* [Problem to work on]
In the records below, repeat exactly the lines between the line holding "Matte Velvet Lip" and the line holding "Year’s Night +", inclusive, and drop the pictures.

* [Exercise data]
::::
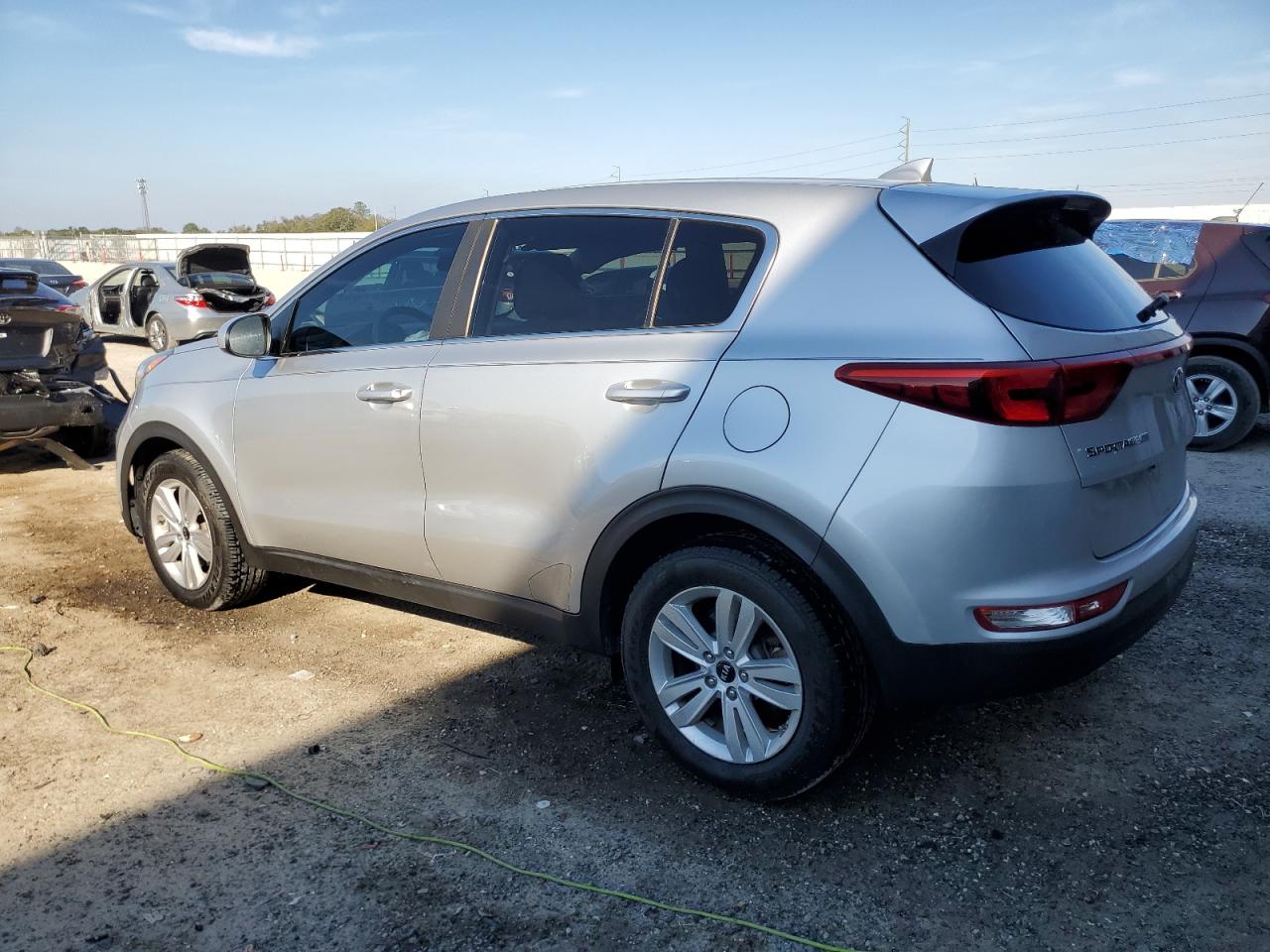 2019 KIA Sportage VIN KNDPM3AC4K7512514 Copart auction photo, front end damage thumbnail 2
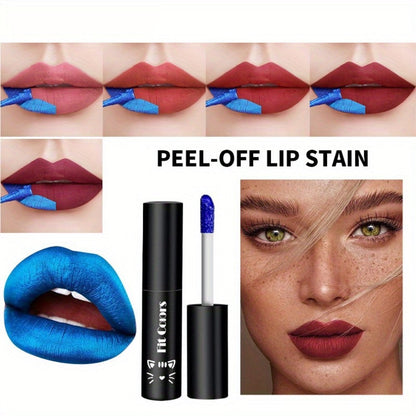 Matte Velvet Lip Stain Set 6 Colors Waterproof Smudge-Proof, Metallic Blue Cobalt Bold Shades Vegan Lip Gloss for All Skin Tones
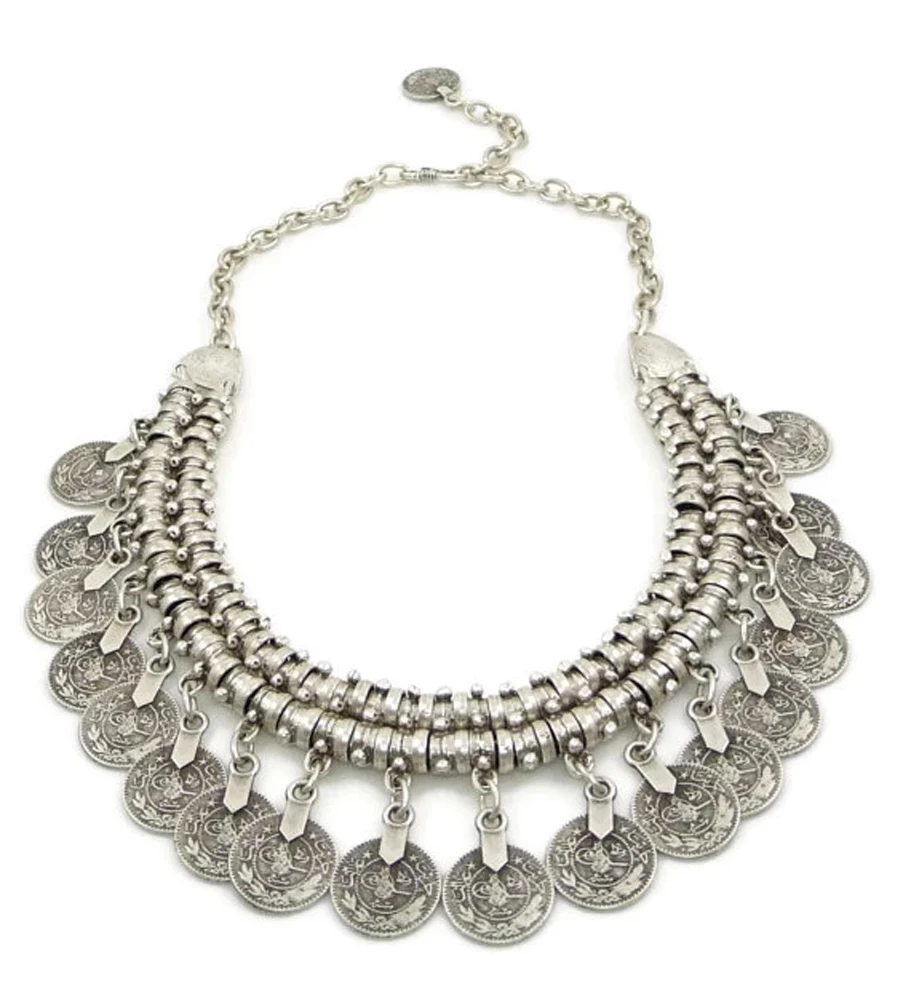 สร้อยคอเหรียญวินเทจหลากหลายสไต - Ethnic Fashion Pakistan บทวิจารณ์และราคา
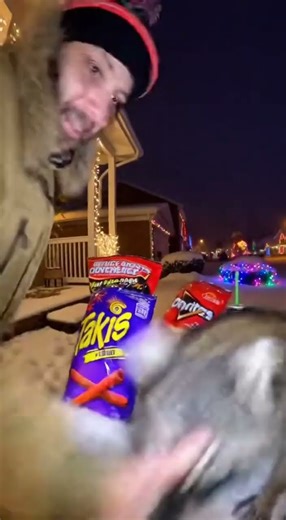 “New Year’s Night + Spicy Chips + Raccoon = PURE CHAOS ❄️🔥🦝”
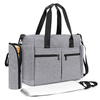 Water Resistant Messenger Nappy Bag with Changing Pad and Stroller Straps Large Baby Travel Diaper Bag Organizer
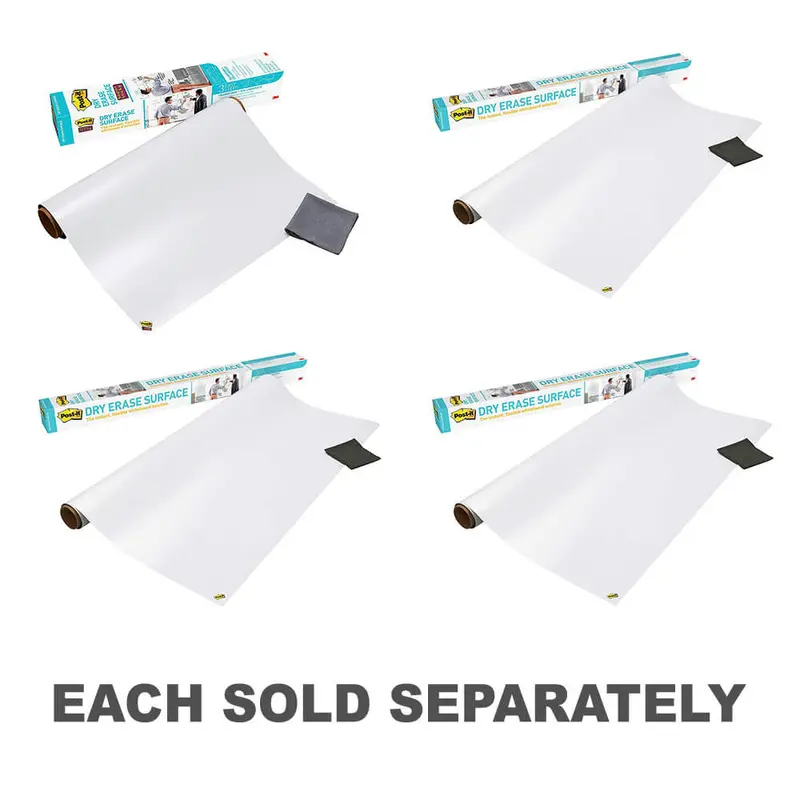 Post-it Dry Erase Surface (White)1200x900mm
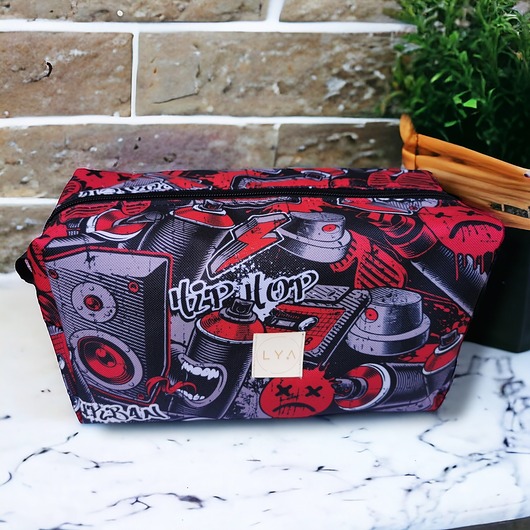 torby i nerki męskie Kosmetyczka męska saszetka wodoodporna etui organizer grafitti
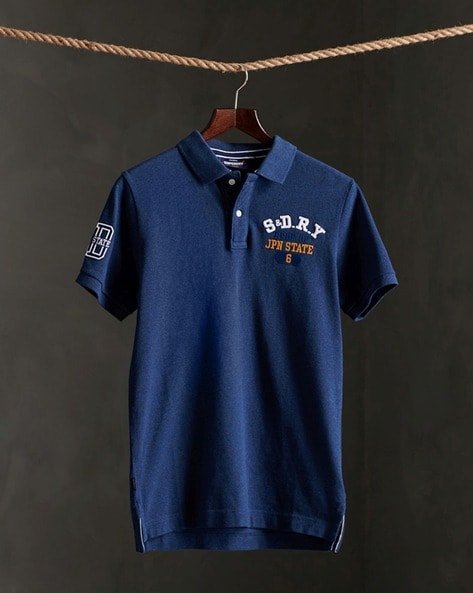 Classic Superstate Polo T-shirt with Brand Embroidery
::::
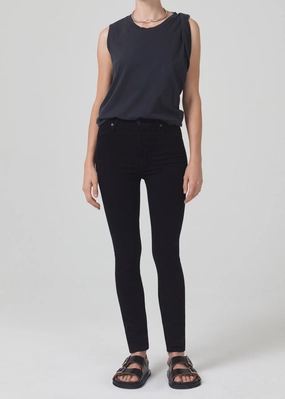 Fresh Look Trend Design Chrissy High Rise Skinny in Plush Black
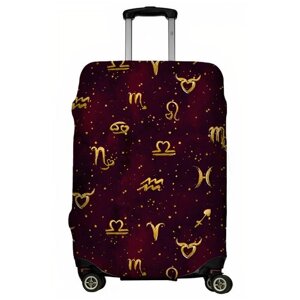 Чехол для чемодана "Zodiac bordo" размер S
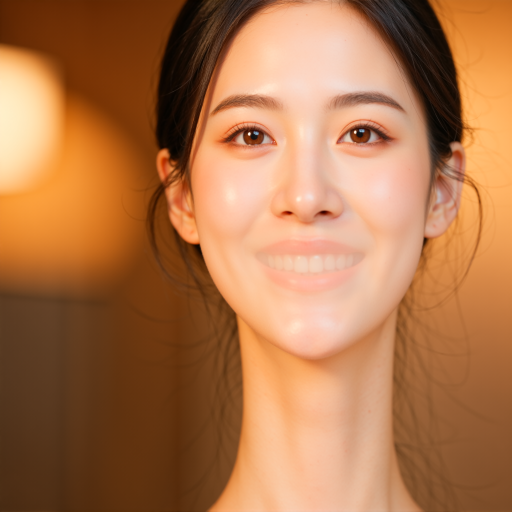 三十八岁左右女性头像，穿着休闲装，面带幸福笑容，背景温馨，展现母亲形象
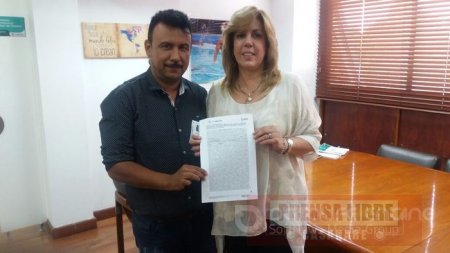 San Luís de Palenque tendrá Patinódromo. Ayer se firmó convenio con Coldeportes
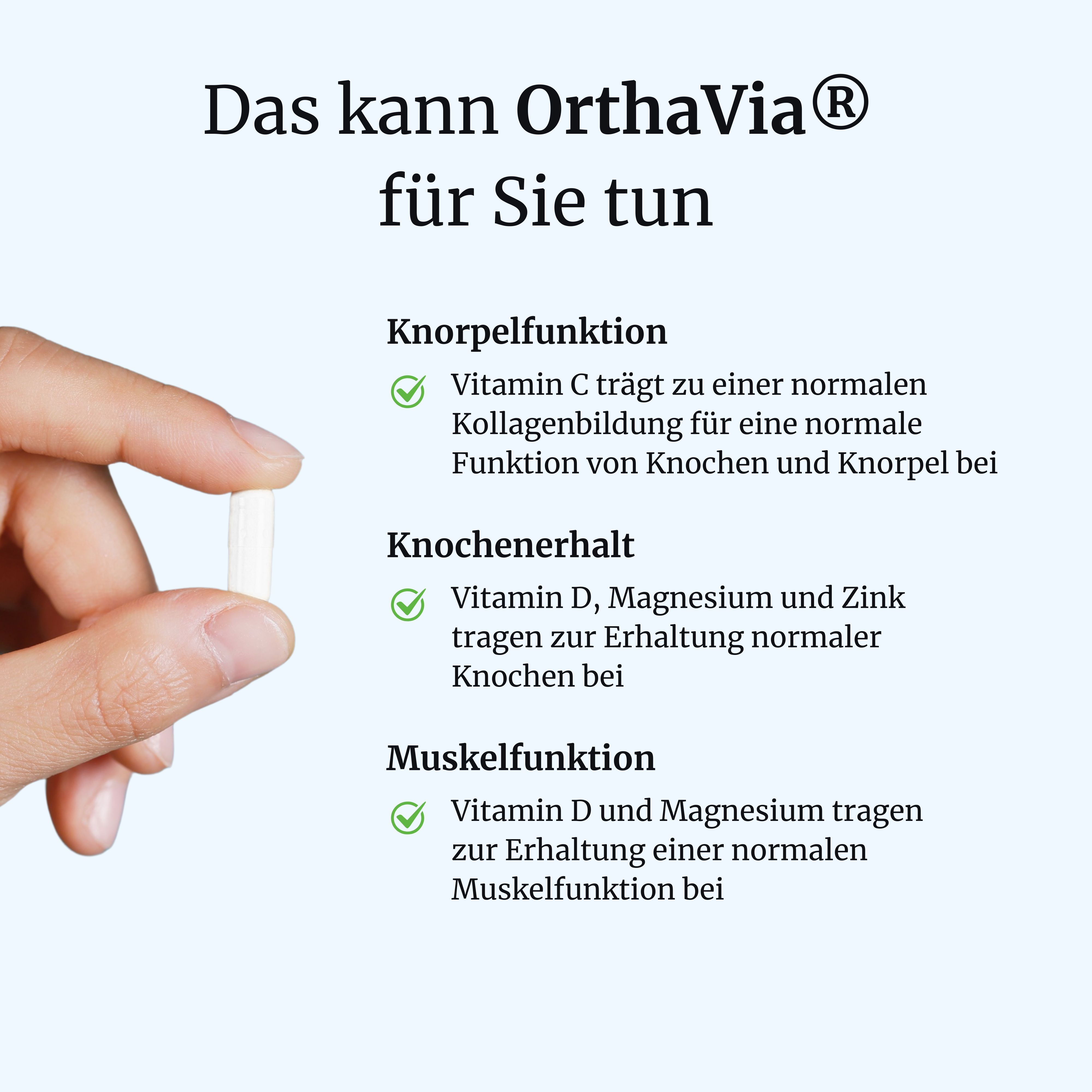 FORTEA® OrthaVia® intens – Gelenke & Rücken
::::
* [Answer area]
 Matte Velvet Lip Stain Set 6 Colors Waterproof Smudge-Proof, Metallic Blue Cobalt Bold Shades Vegan Lip Gloss for All Skin Tones
 สร้อยคอเหรียญวินเทจหลากหลายสไต - Ethnic Fashion Pakistan บทวิจารณ์และราคา
 “New Year’s Night + Spicy Chips + Raccoon = PURE CHAOS ❄️🔥🦝”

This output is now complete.